Make an exact copy of the lines starting at the top of the listing below and ending at the line that contains "ロボットSIerの工程でティーチングがつなぐ役割を示す図", inclusive.

─── Supplied records

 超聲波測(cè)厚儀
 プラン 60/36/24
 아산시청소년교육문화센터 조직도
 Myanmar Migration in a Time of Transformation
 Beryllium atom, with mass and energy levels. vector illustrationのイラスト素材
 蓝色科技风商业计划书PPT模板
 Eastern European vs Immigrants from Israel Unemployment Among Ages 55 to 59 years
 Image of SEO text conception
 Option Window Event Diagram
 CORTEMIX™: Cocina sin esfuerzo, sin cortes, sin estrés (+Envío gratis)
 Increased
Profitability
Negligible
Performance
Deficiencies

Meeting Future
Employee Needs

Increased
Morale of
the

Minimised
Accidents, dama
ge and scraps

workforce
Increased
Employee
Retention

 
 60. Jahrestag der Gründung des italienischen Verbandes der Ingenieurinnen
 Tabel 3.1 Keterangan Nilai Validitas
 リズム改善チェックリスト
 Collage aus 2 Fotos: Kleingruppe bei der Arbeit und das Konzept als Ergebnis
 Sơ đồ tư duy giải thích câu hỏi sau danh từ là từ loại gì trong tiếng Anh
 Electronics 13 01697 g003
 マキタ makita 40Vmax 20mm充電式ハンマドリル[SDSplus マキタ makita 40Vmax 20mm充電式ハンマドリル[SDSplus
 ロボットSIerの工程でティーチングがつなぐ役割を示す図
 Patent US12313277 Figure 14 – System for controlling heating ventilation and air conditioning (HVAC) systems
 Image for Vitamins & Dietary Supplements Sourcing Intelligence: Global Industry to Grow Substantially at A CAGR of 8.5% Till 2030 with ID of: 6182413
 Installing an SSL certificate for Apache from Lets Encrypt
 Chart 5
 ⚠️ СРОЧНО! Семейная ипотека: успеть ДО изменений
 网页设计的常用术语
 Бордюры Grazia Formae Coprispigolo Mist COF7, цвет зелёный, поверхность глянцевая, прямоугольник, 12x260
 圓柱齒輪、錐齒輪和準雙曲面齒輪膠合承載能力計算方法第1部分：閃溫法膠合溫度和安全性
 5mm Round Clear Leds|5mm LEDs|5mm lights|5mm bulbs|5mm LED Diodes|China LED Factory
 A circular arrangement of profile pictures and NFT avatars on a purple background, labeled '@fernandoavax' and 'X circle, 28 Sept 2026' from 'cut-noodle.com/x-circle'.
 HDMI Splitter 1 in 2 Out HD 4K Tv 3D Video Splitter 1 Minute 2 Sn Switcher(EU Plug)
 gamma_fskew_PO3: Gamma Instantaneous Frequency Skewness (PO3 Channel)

──────

Solution to this task:
 超聲波測(cè)厚儀
 プラン 60/36/24
 아산시청소년교육문화센터 조직도
 Myanmar Migration in a Time of Transformation
 Beryllium atom, with mass and energy levels. vector illustrationのイラスト素材
 蓝色科技风商业计划书PPT模板
 Eastern European vs Immigrants from Israel Unemployment Among Ages 55 to 59 years
 Image of SEO text conception
 Option Window Event Diagram
 CORTEMIX™: Cocina sin esfuerzo, sin cortes, sin estrés (+Envío gratis)
 Increased
Profitability
Negligible
Performance
Deficiencies

Meeting Future
Employee Needs

Increased
Morale of
the

Minimised
Accidents, dama
ge and scraps

workforce
Increased
Employee
Retention

 
 60. Jahrestag der Gründung des italienischen Verbandes der Ingenieurinnen
 Tabel 3.1 Keterangan Nilai Validitas
 リズム改善チェックリスト
 Collage aus 2 Fotos: Kleingruppe bei der Arbeit und das Konzept als Ergebnis
 Sơ đồ tư duy giải thích câu hỏi sau danh từ là từ loại gì trong tiếng Anh
 Electronics 13 01697 g003
 マキタ makita 40Vmax 20mm充電式ハンマドリル[SDSplus マキタ makita 40Vmax 20mm充電式ハンマドリル[SDSplus
 ロボットSIerの工程でティーチングがつなぐ役割を示す図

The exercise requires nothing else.